Racheté en mai 2021 par une entreprise privée, Muse Group, Audacity vient de modifier sa politique de protection des données. L’outil d’enregistrement et d’édition audio développé en open source s’éloigne ainsi de certaines valeurs du mouvement du logiciel libre, comme la protection de la vie privée. Du moins, la communauté du logiciel libre s’alarme face à cette nouvelle politique de confidentialité. Certains évoquent même une potentielle transformation d’Audacity en logiciel espion. Ainsi, 01net titre : « Comment Audacity, logiciel audio open source réputé, est devenu un possible spyware ».
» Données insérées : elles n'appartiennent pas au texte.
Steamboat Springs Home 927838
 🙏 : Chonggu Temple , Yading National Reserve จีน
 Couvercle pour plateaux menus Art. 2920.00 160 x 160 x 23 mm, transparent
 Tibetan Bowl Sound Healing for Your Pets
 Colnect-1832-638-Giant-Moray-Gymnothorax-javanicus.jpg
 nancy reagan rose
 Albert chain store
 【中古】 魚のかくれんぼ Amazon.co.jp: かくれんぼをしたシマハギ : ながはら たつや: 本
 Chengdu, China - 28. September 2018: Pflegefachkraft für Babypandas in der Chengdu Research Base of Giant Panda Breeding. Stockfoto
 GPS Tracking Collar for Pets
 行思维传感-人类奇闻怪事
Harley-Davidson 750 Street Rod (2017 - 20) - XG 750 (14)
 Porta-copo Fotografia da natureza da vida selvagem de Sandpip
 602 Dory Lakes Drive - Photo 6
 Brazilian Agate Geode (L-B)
La protection des données est particulièrement pointée du doigt. Dans la dernière mise à jour datée du 2 juillet, Muse Group déclare récolter des informations personnelles comme l’adresse IP ainsi que des données « nécessaires à l’application de la loi, aux litiges et aux demandes des autorités ». Selon une étude menée en 2013 par le Commissariat à la protection de la vie privée du Canada, une adresse IP peut permettre d’identifier un nom, un numéro de téléphone, une adresse, la géolocalisation du terminal, mais aussi, dans certains cas, les tendances politiques, l’orientation sexuelle ou religieuse, etc.

La politique de confidentialité indique que ces données pourront être partagées avec les autorités, ce qui se fait aux États-Unis, mais aussi avec de « potentiels acheteurs », ce qui est moins commun. Bien que les données soient stockées sur le territoire européen, elles peuvent être « occasionnellement partagées […] avec son bureau principal en Russie [de Muse Group] ou son conseil externe aux États-Unis ». Par ailleurs, le logiciel est désormais interdit aux moins de 13 ans. Ce point va dans le sens d’une application particulièrement minutieuse du Règlement Général sur la Protection des Données (RGPD) qui encadre les données des mineurs de manière stricte.

« Vu le volume de données acquises auprès des clients, il n’est pas étonnant que la dernière mise à jour soit assimilée à un logiciel espion »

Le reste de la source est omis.